Permainan dihentikan selama beberapa menit pada hari keempat dari Tes ketiga antara India dan Australia setelah para pemain tamu mengeluhkan pelecehan dari penonton di Sydney Cricket Ground pada hari Minggu, mendorong dewan tuan rumah untuk “meminta maaf tanpa syarat” dan berjanji sekuat mungkin. tindakan terhadap mereka yang bertanggung jawab. Itu sehari setelah seorang penonton mabuk di SCG diduga mengarahkan pelecehan rasial pada pemain India Jasprit Bumrah dan Mohammed Siraj. BCCI telah mengajukan pengaduan ke ICC.

“Cricket Australia mengutuk sekuat mungkin semua perilaku diskriminatif,” kata Sean Carroll, Kepala Integritas dan Keamanan CA.

“Sebagai pembawa acara seri, kami tanpa pamrih meminta maaf kepada teman-teman kami di tim kriket India dan meyakinkan mereka bahwa kami akan menuntut masalah ini sepenuhnya.”

Selama sesi kedua hari keempat, pemain India berkumpul di tengah setelah Siraj, berdiri di batas kaki persegi, mengeluhkan pelecehan setelah dipukul selama dua enam kali berturut-turut oleh Cameron Green di atas.

Hal ini mendorong aparat keamanan untuk masuk ke tribun dan mencari si penjual nakal sebelum sekelompok orang diminta meninggalkan tribun.

“Jika Anda terlibat dalam pelecehan rasis, Anda tidak diterima di kriket Australia. CA sedang menunggu hasil investigasi Dewan Kriket Internasional atas masalah yang dilaporkan di SCG pada Sabtu,” kata Carroll.

“Setelah mereka yang bertanggung jawab diidentifikasi, CA akan mengambil tindakan sekuat mungkin berdasarkan Kode Anti-Pelecehan kami, termasuk pelarangan yang lama, sanksi lebih lanjut dan rujukan ke Polisi NSW,” tambahnya.

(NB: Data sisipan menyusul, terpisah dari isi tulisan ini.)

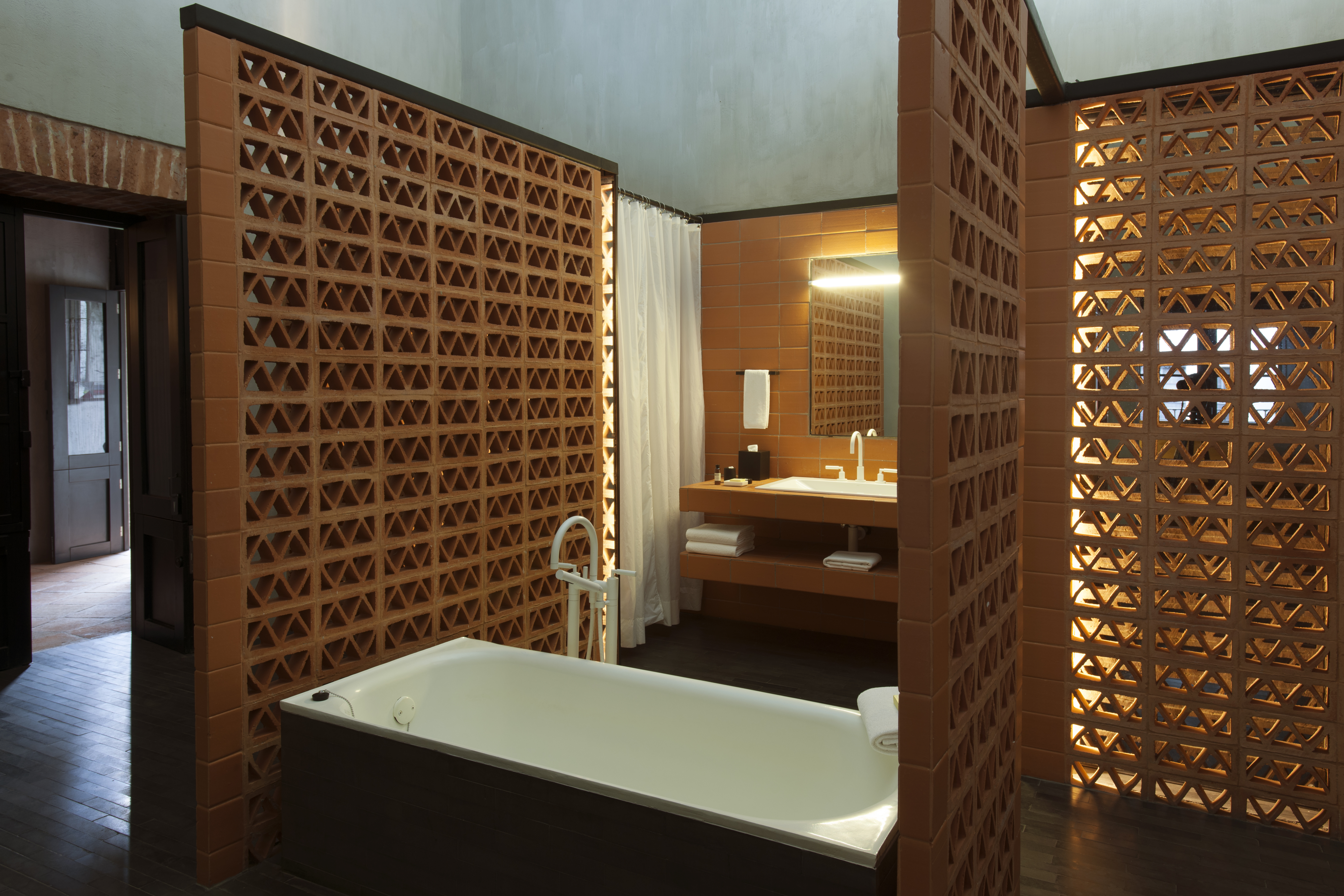 Junior Suite King Size Bed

Wasit pun turun tangan dan terlihat mengobrol dengan para pemain. Tidak ada objek yang diarahkan ke para pemain.

Kepala Eksekutif NSW Venues Kerrie Mather mengatakan rekaman CCTV sedang diperiksa untuk mengidentifikasi tersangka.

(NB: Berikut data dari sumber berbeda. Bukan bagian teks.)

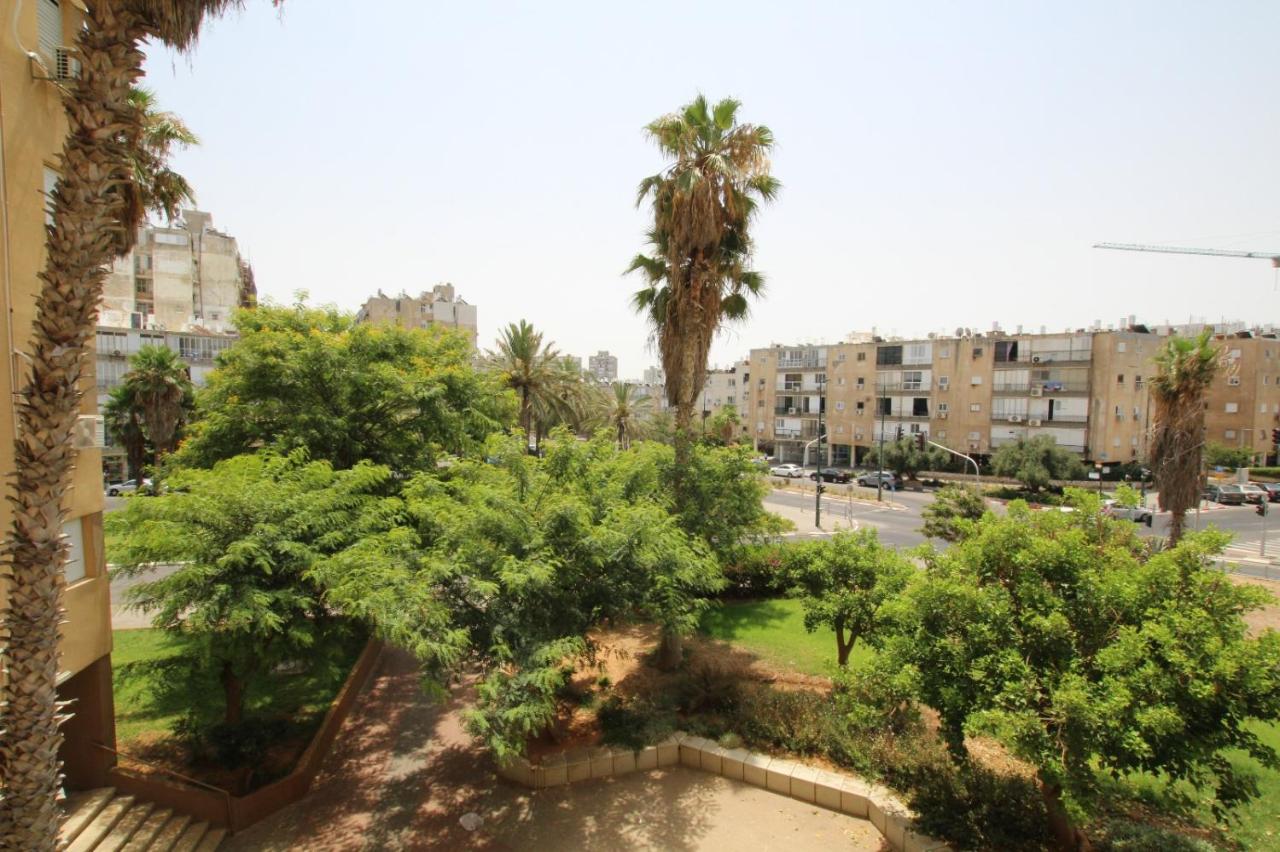 Isramax 3BR apartment near the sea. - Chambres d’hôtes Bat Yam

“Kami menanggapi ini dengan sangat serius. Jika mereka yang terlibat diidentifikasi, mereka akan dilarang dari SGC dan semua properti Venues NSW di bawah tindakan kami,” katanya.

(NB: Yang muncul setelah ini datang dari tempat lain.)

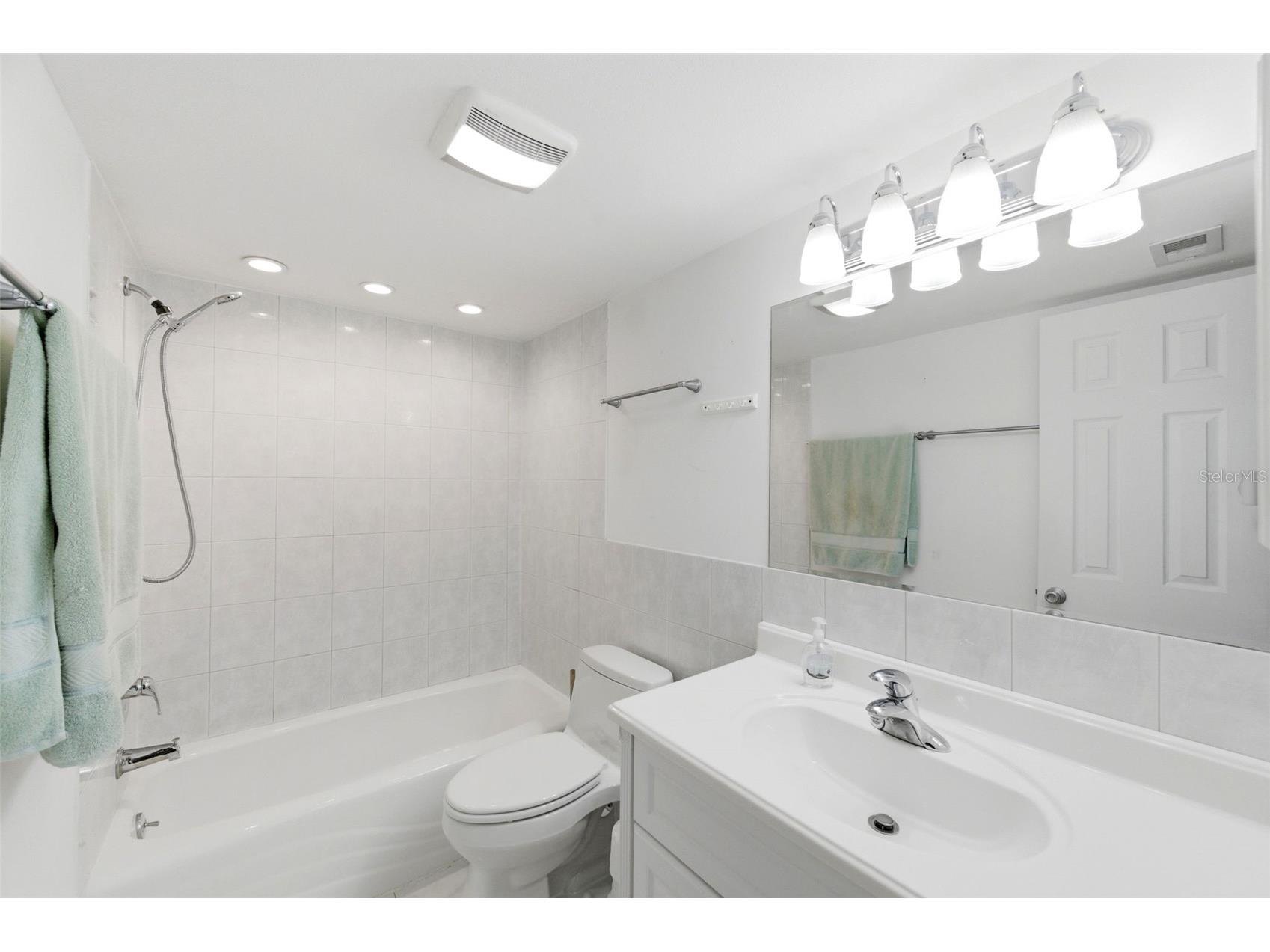 11485 Oakhurst Road #200-208 Largo FL 33774 TB8478063 image20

Pada garis yang diharapkan, orang-orang India tidak terhibur dengan insiden buruk yang melibatkan pemain mereka sebelum mereka yang bertanggung jawab diusir dari tribun.

Itu terungkap setelah Siraj, hanya dalam tur pertamanya dengan tim India, berjalan ke kaptennya Ajinkya Rahane dan wasit di lapangan dan mengeluh kepada mereka tentang apa yang dia alami di area yang sama di belakangnya pada hari Sabtu.

Menjaga lengannya di bahu pacer mudanya, Rahane terlihat menunjuk ke salah satu bagian tribun saat berbicara dengan wasit bahkan saat petugas keamanan terlibat.

Pada hari ketiga pertandingan, Siraj diduga disebut sebagai “monyet” oleh penonton yang mabuk di salah satu tribun, menghidupkan kembali kenangan akan episode terkenal Monkeygate dari seri 2007-08.

Kebetulan, episode Monkeygate juga terjadi selama Tes Sydney ketika Andrew Symonds mengklaim Harbhajan Singh melontarkan hinaan rasis kepadanya beberapa kali. Tapi off-spinner India dihapus setelah sidang tentang masalah tersebut.

Dipromosikan

Pada hari Sabtu, pelanggaran ditujukan pada duo India saat mereka turun tangan selama babak kedua Australia.

Australia mengumumkan babak kedua mereka pada 312 untuk enam, menetapkan India target kemenangan yang mustahil 407 untuk mendapatkan kembali keunggulan dalam seri empat pertandingan.